Citing a “college cost crisis,” Rep. Buck McKeon introduced an adjunct to the Higher Education Act (HEA) last Thursday that would withhold student aid funds from schools that enact sharp tuition increases.
McKeon, D-Calif., said his bill would not harm students because colleges and universities would in all likelihood choose to comply with the proposed clause—which would set limits on permissible tuition increases.
“Hopefully, nobody will ever be sanctioned,” he said. “They’ll have five years, about eight years even with the time needed to pass this law, to get their costs in line.”
Kevin Casey, Harvard’s senior director of federal and state relations, said that McKeon’s bill—which along with the HEA is still in the early stages of debate—was unlikely to pass in its present form.
He also said that the University would not support the bill as drafted.
The HEA, which governs most federal student financial aid programs, must be regularly reapproved or redrafted. As it stands, the act covers two types of aid. Some funding, like Pell Grants, is disbursed directly to students, while other programs, like federal work study and Perkins Loans, provide funds to colleges which then distribute them to students.
McKeon’s bill would require colleges to post their tuition and fees on an easy-to-access website beginning in 2005. According to the proposed legislation, institutions whose costs rose at more than twice the rate of inflation for three consecutive years would be required to submit an explanation rise and a plan to slow the increase to the Department of Education.

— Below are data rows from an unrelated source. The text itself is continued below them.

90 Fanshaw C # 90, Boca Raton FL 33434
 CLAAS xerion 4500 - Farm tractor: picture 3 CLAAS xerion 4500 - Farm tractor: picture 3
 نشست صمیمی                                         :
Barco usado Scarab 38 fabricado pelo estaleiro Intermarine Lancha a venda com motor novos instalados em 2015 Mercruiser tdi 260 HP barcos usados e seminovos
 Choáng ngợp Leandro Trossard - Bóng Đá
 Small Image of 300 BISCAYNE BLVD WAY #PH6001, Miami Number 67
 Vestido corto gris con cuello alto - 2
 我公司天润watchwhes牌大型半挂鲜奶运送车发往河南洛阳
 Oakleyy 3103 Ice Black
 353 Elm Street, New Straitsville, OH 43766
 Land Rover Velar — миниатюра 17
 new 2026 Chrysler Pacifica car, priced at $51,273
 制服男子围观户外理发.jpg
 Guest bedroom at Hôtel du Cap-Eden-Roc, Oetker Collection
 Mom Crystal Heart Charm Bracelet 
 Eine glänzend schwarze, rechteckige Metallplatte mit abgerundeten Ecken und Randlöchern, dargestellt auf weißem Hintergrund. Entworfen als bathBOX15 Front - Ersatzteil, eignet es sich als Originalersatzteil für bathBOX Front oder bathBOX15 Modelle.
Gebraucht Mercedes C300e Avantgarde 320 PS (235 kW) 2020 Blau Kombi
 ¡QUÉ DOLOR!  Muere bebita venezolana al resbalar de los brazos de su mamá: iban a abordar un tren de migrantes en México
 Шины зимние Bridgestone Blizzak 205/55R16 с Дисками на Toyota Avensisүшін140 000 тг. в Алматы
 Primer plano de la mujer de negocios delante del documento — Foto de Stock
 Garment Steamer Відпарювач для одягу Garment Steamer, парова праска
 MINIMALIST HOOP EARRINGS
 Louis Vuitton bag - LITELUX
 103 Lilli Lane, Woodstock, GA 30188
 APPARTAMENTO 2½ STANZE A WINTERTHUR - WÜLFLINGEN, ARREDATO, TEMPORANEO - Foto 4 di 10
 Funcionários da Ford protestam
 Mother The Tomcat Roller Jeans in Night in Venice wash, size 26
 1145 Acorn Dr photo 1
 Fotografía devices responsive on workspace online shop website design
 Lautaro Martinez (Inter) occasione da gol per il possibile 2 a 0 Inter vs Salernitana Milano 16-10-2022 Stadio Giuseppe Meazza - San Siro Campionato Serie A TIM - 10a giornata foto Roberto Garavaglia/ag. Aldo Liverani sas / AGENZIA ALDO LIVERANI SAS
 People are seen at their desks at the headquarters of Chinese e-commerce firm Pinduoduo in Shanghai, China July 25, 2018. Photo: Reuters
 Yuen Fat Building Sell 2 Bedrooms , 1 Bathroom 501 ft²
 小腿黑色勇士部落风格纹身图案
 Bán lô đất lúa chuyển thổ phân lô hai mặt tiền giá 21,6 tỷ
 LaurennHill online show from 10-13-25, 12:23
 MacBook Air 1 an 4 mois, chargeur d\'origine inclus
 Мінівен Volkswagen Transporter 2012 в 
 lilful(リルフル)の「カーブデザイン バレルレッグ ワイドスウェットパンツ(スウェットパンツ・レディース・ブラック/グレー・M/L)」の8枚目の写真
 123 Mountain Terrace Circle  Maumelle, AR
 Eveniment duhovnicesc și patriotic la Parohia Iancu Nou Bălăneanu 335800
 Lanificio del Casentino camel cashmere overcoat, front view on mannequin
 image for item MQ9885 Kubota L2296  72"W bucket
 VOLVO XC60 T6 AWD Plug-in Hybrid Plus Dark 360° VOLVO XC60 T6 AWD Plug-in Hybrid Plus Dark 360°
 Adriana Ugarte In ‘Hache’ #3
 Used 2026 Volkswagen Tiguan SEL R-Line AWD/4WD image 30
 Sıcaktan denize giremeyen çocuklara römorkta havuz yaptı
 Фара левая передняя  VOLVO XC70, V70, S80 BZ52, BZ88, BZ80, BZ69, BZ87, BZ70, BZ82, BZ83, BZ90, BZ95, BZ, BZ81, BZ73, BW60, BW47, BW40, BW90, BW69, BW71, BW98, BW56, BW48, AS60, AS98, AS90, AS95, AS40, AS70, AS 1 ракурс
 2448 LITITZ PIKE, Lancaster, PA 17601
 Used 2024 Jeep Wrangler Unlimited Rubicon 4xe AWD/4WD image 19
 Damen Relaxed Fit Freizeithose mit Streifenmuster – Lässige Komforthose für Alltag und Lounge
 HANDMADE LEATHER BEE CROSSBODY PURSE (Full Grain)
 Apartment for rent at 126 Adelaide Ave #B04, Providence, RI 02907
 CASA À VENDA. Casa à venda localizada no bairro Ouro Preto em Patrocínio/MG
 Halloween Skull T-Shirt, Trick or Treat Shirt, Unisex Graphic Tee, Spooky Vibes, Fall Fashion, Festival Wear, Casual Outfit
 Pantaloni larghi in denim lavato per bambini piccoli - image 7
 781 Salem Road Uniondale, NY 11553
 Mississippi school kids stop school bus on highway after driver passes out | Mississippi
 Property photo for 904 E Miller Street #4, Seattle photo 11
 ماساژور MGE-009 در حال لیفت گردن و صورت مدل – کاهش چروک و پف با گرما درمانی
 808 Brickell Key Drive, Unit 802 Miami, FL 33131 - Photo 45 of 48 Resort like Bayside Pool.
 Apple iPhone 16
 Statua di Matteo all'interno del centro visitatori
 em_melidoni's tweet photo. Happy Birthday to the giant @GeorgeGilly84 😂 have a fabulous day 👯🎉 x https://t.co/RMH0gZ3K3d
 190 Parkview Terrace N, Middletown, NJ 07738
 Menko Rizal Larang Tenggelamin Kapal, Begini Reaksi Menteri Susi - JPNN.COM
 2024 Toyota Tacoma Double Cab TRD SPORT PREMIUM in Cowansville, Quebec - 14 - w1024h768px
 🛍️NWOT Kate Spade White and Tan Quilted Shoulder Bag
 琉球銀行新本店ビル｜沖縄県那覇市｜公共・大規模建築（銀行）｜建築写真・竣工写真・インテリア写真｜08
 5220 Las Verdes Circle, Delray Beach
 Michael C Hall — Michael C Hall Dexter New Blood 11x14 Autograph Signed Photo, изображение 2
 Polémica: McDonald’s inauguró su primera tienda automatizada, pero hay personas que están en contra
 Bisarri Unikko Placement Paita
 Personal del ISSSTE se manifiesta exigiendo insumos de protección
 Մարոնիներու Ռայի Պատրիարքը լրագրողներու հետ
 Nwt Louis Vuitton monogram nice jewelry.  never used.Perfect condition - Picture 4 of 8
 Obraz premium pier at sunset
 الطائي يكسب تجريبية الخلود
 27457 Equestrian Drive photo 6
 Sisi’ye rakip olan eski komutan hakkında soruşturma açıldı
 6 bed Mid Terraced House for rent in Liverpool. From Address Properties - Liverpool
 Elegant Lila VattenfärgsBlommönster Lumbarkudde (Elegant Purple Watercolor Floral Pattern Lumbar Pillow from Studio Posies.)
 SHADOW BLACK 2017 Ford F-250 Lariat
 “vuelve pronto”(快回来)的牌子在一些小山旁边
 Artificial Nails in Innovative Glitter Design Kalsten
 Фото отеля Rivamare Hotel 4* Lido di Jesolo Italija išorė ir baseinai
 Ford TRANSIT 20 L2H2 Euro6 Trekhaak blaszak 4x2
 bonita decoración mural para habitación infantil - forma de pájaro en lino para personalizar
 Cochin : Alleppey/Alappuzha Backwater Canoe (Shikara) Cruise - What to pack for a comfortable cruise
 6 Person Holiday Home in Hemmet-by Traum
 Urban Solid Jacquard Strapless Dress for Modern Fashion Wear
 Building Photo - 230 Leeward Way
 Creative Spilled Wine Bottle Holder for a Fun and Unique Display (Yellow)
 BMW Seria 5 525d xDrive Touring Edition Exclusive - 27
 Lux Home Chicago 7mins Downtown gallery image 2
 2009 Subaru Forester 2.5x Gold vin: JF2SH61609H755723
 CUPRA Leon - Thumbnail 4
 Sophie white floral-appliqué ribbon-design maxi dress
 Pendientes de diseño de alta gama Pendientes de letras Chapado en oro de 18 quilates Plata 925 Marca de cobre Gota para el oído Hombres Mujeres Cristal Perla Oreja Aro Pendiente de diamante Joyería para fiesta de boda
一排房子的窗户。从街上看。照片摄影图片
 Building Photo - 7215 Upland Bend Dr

If costs continued to rise as quickly over the following three years, the bill states that those colleges would no longer receive federal funding that does not go directly to students, such as work study, rendering students at those colleges and universities ineligible for that type of aid.
Less needy students would likely be the most affected by the bill because they generally do not qualify for direct federal aid—such as Pell Grants—which specifically target lower income students, according to Tim McDonough, the American Council on Education’s director of public affairs.
McDonough said he worried that the law would harm both colleges and students. Government price controls have been historically ineffective, and if implemented could result in a decline in educational quality, he said.
But McDonough said that while McKeon’s bill has flaws, it addresses a real problem. He said the proposed website would make it easier for students to access cost information, and attention to the problem of rising costs is welcome—though price controls are not.
“There are some things in the bill that we like, and we’ve got a lot of respect for Mr. McKeon as a lawmaker. He’s a thoughtful legislator,” McDonough said.
Casey expressed similar reactions to the proposal.
“There are a couple of great aspects of the legislation, like its recognition that federal regulations on higher education are one of things that help drive up costs,” he said.
But he said the legislation looks only at “sticker price,” ignoring institution-based financial aid that schools like Harvard provide.
However, McKeon said that his bill was not aimed at elite institutions like Harvard, and instead is designed to direct federal aid toward students who couldn’t afford to attend any college.
“When the federal government got involved in higher education, the aim was to help needy students,” he said. “Forty-eight percent of lower income people who graduated high school and are fully qualified to attend college can’t, and 28 percent can’t even attend community college. That’s just wrong.”